Use clear, hierarchical headings. H1 for the title, H2 for main sections, H3 for subsections. This structure helps AI engines understand the relationship between ideas and extract the right content for the right query.
Write in complete, standalone statements. AI citation often pulls a single paragraph or sentence. Make sure your key points make sense without requiring the reader to have read the previous paragraph.
Include specific data points. Numbers, percentages, date ranges, and named sources make your content more citable. “Roughly 30% of Google searches now trigger AI Overviews” is more citable than “AI is changing search.”
Update consistently. AI engines, particularly Perplexity and Google AI Overviews, strongly prefer recent content. Add a visible “last updated” date and refresh your Big 5 content at least every quarter. The Perplexity AI platform specifically prioritizes recent, well sourced content in its citations.
Create content depth. Thin content rarely gets cited. Aim for comprehensive coverage. If someone reads your article on pricing, they shouldn’t need to go anywhere else. Tools like Clearscope or Surfer SEO can help you identify topical gaps in your content.
What Does a Practical Implementation Roadmap Look Like?
Knowing the framework is one thing. Putting it into action is another. Here’s a realistic roadmap for marketing leaders and business owners who want to build both SEO and AI visibility using They Ask, You Answer.
Weeks one and two: Audit and prioritize. List every question your sales team, customer service team, and clients ask regularly. Sort them into the Big 5 categories. Identify the 10 to 15 questions with the highest commercial value. Use Google’s “People Also Ask” and tools like AnswerThePublic to validate demand.
Weeks three through six: Create cornerstone content. Write two to three pieces per Big 5 category, starting with pricing and comparisons since those tend to drive the most immediate results. Follow the formatting guidelines above. Implement FAQ, article, and author schema on every piece.
Weeks seven and eight: Optimize entities. Ensure your Google Business Profile is complete and accurate. Add author bios with credentials to every article. Create or update your organization’s presence on relevant platforms. Build internal links between your Big 5 content pieces to establish topical authority.

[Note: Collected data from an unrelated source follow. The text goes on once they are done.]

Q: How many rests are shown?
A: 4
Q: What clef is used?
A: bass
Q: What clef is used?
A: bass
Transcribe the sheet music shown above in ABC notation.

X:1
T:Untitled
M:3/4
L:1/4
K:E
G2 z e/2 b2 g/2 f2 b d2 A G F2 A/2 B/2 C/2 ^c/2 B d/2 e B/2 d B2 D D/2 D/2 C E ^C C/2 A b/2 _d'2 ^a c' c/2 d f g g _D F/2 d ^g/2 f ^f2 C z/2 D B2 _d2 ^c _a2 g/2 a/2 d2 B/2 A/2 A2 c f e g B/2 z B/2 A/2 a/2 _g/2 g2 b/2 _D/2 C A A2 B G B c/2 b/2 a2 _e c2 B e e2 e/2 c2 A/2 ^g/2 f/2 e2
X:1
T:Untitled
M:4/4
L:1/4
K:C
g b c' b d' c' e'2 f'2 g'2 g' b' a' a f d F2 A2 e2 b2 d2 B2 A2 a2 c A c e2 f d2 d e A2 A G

Monthly ongoing: Measure, update, expand. Track your traditional SEO performance through Google Search Console. Monitor AI citations by regularly searching your key topics in ChatGPT, Perplexity, and Google AI Overviews to see if your content appears. Update existing content with fresh data. Add new Big 5 content based on emerging customer questions.

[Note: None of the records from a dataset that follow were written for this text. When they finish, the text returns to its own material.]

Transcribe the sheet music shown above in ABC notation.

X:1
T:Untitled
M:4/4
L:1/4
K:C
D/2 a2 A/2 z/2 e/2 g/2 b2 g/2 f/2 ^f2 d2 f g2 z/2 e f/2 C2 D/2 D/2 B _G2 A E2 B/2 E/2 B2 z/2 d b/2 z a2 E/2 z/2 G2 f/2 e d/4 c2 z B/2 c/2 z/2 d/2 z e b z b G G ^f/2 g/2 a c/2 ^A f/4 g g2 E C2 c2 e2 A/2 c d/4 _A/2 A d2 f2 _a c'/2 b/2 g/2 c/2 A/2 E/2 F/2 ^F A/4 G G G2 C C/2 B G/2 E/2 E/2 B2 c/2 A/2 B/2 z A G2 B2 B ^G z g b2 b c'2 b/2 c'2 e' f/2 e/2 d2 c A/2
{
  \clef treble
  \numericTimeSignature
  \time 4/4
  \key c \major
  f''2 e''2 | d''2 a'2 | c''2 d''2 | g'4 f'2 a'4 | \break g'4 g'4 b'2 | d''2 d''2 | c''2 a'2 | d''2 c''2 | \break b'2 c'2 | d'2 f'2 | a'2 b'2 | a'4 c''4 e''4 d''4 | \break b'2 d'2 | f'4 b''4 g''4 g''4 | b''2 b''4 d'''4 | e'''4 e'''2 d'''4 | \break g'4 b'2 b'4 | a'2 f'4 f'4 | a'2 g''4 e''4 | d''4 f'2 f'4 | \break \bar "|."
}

Quarterly: Review and adjust. Analyze which Big 5 categories are performing best in each channel. Double down on what works. Identify gaps where competitors are getting cited and you’re not. AI visibility tracking tools are still emerging, but platforms like Otterly.AI and manual monitoring can give you a baseline.
What’s the Bottom Line for Marketing Leaders?

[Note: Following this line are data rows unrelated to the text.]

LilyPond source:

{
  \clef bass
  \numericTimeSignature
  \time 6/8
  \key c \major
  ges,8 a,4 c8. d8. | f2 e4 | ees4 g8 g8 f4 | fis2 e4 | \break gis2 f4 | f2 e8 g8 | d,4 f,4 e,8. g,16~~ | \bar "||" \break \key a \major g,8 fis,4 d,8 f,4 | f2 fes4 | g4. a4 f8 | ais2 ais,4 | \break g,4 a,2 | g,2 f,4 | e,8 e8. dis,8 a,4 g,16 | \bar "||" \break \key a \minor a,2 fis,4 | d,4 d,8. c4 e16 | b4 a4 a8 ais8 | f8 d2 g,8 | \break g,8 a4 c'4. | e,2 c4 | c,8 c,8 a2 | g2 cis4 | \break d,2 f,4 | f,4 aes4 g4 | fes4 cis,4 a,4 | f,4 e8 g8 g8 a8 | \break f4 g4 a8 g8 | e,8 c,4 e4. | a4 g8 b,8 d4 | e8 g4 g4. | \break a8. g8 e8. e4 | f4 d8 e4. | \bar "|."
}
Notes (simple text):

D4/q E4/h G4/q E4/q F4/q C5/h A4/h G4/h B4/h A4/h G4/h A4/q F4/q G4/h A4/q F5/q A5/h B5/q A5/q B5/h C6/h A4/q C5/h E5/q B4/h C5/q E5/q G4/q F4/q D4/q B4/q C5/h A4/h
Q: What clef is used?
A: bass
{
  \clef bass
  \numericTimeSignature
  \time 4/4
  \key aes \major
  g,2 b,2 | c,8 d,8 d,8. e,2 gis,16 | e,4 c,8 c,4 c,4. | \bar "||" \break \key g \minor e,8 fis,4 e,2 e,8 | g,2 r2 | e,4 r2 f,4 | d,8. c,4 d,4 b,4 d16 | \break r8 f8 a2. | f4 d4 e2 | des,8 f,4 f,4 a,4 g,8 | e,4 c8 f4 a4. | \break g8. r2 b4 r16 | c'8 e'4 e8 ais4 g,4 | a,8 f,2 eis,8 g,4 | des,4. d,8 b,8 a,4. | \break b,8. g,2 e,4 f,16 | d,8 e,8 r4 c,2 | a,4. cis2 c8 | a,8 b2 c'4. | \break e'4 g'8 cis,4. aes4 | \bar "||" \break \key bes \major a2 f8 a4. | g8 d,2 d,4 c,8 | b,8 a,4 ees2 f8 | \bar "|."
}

The search landscape has fundamentally expanded. Traditional SEO still matters. Organic traffic still converts. But with AI Overviews appearing in nearly a third of searches, zero click results dominating, and millions of people using ChatGPT and Perplexity as discovery tools every day, you can’t afford to optimize for just one channel.
You need both SEO and AI visibility, and the They Ask, You Answer framework is the bridge that makes both work together. The Big 5 categories map directly to the types of content that rank in traditional search and get cited by AI engines. The same honesty, thoroughness, and buyer focus that made this approach effective for SEO makes it effective for AI.
Start with your customers’ most important questions. Answer them better than anyone else. Structure that content so machines can understand it as easily as humans can. Then keep it updated. That’s the strategy. It’s not complicated, but it does require commitment. The businesses that commit now will own both channels while everyone else is still debating whether AI matters.